Exercise directions
Of all the lines in the entries below, give again exactly those starting at the line containing "Photo - 4 Bedroom" and ending at the line containing "Used 2025 Nissan Sentra SV FWD image 6", both ends included, and no others.

Data records
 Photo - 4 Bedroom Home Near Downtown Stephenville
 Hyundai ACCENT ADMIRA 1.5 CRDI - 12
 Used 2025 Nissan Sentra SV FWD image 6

==

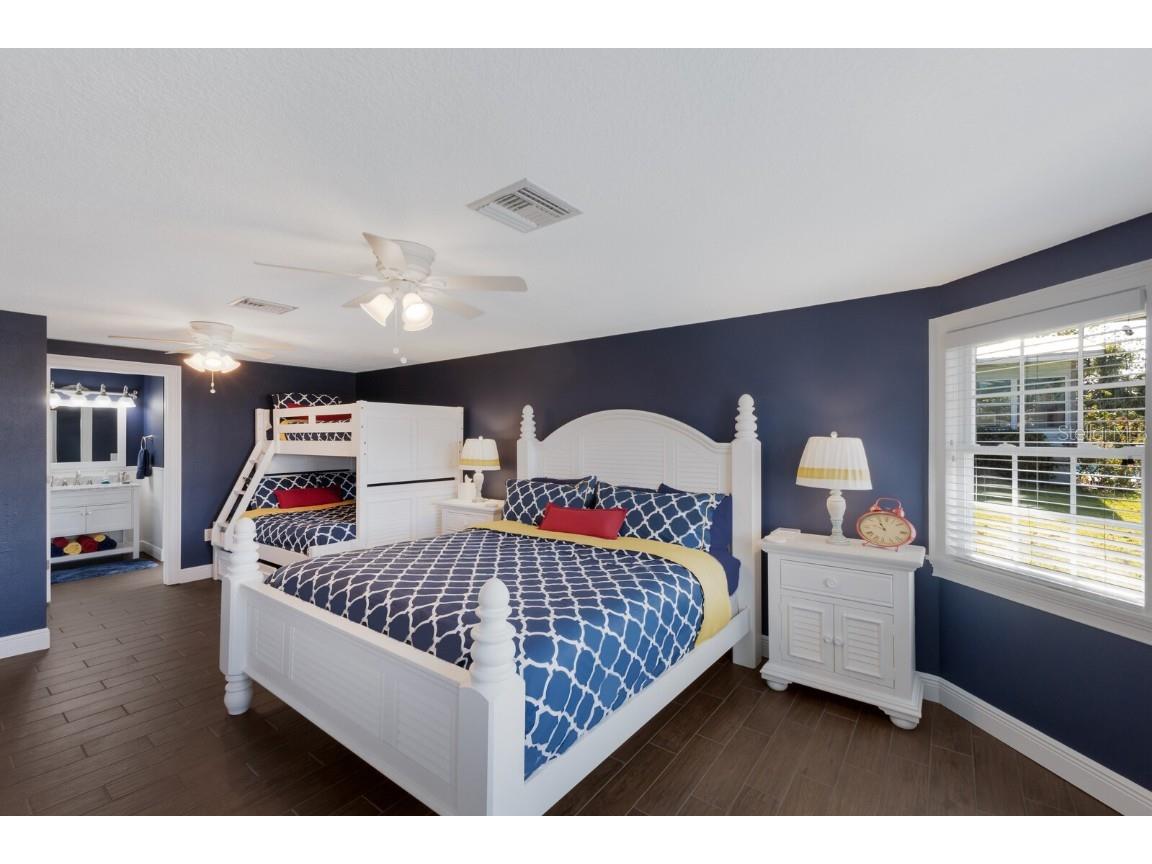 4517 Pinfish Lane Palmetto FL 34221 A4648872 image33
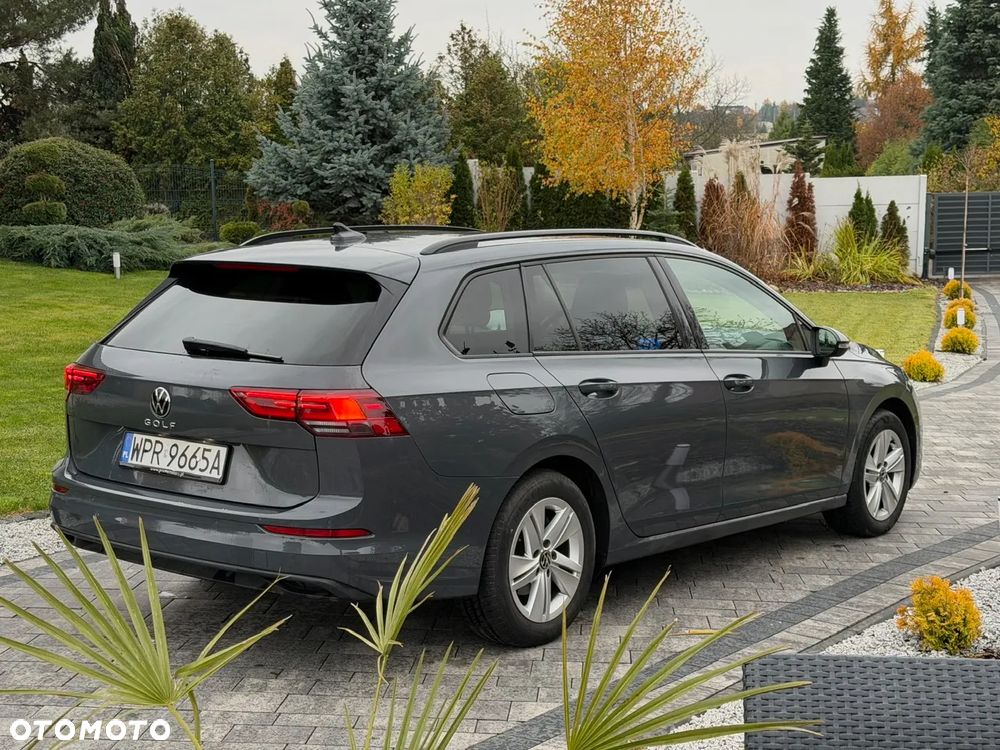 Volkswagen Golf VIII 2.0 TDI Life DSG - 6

Problem solution
 Photo - 4 Bedroom Home Near Downtown Stephenville
 Hyundai ACCENT ADMIRA 1.5 CRDI - 12
 Used 2025 Nissan Sentra SV FWD image 6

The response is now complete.